Quite revealing!!!

A 15-minute address last week by the island’s leading hotelier, Sir Royston Hopkin was quite revealing about the current state of things in the industry and overall in the country.
Sir Royston who has never hidden his support for current Prime Minister, Dr. Keith Mitchell was speaking at a ceremony at his hotel in honour of another international award bestowed on Spice Island Beach Resort.

In a frank and open manner, the hotelier bemoaned the fact that the ruling New National Party (NNP)government of PM Mitchell had allowed itself to sign-off on the type of Structural Adjustment Programme (SAP) that it did with the International Monetary Fund (IMF).

Both the government and fund have been selling the idea that the programme was self-imposed and was not handed down on the people of this tri-island State by the Washington-based financial institution.

Sir Royston was clearly not happy with the incentives package now offered by government to hoteliers in the face of the dictates of the IMF whose job seems to be focused primarily on ensuring that the nation’s Treasury is always in a healthy financial state.

He told the Prime Minister to his face that, “the legislation which they (IMF) have forced you to pass, I am challenging you that you have to go back to parliament” to make the necessary amendments.

This newspaper has always held the view that despite denials from government to the contrary, the fact is that Grenada is being dictated to by the powers-that-be in Washington.

Some of the legislation passed in our local Parliament in the past two to three years are similar to what the IMF has forced down the throat of Jamaica which has been under several funds programmes in the past 35 plus years.

Our governments can never be in the driving seat with the IMF on any SAP since the Washington financial institution did not approach any of them to come for a bailout from the predicament which they brought onto their respective countries.

Our political leaders have simple mis-managed their country’s economies over the years and were left with no choice but to turn to the IMF as a last resort to help them restore fiscal viability.

Another statement from Sir Royston that caught the attention of this newspaper was that “all local entrepreneurs (hoteliers) still have enormous debts and cannot come out” of their current financial predicament unless government did something to help them.

This is a statement that was made quite often during the 2008-13 rule of the National Democratic Congress (NDC) of Prime Minister Tillman Thomas by certain elements within the hotel sector.

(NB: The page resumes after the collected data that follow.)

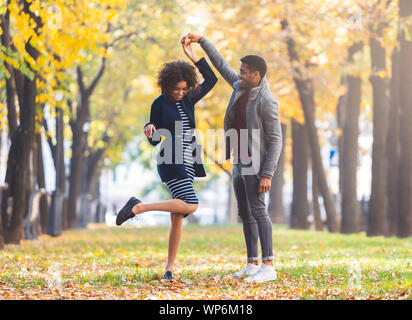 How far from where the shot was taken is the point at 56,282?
26.2 ft

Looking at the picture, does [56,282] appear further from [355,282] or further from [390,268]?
[390,268]

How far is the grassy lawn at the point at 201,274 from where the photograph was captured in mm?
6824

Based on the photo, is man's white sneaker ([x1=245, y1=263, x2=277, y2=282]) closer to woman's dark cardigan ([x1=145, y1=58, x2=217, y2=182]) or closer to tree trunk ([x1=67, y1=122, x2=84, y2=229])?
woman's dark cardigan ([x1=145, y1=58, x2=217, y2=182])

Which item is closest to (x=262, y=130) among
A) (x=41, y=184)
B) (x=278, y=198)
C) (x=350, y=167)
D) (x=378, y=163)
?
(x=378, y=163)

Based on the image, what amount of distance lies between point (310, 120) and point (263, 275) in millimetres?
13506

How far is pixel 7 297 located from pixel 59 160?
16.2 metres

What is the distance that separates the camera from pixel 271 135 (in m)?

These hoteliers were calling for regime change in the Spice Isle in 2012 out of a belief that the policies being pursued back then were harmful to the survival of their businesses.

There were those who were making public statements that they might be forced to close their hotels within a matter of months if things did not change.

A new government was voted into office in February 2013 and today, Sir Royston is telling the nation that many of our hotels are in huge debts and will not be able to come out of it unless government goes back to Parliament and make changes to the legislation governing the industry.

What a startling revelation!!!. Were the hoteliers playing politics?

THE NEW TODAY agrees with Sir Royston that government needs to revisit the incentives package to put all hotels on a more level
playing field.

However, government would have to be engaged in a balancing act since not all the hoteliers are on par with our premier hotelier.

The State and some state-owned financial institutions have lost millions in bad loans extended to some local hoteliers within the past 40 years.

Sir Royston cannot be accused of not working long and hard hours on a daily basis to look after his hotel unlike others who spent most of their time in the day on the golf course and extensive travel around the globe.

The current financial situation calls for more prudent action on the part of any government in giving incentives to all and sundry who want to build a hotel.

It’s good to say that a few hundreds jobs will be given to locals in the initial phase of construction. However, how many of these hotels are properly run like Spice and a few of the others on the island that are not facing a severe financial dilemma?

The farmers can equally put forward a similar case for better
incentives in light of the important role agriculture should be playing in nation building.

Presently, government has found its back against the wall in dealing with the IMF and cannot afford to run the risk of going off-track and in a few short years go back cap in hand to beg for another Structural Adjustment Programme.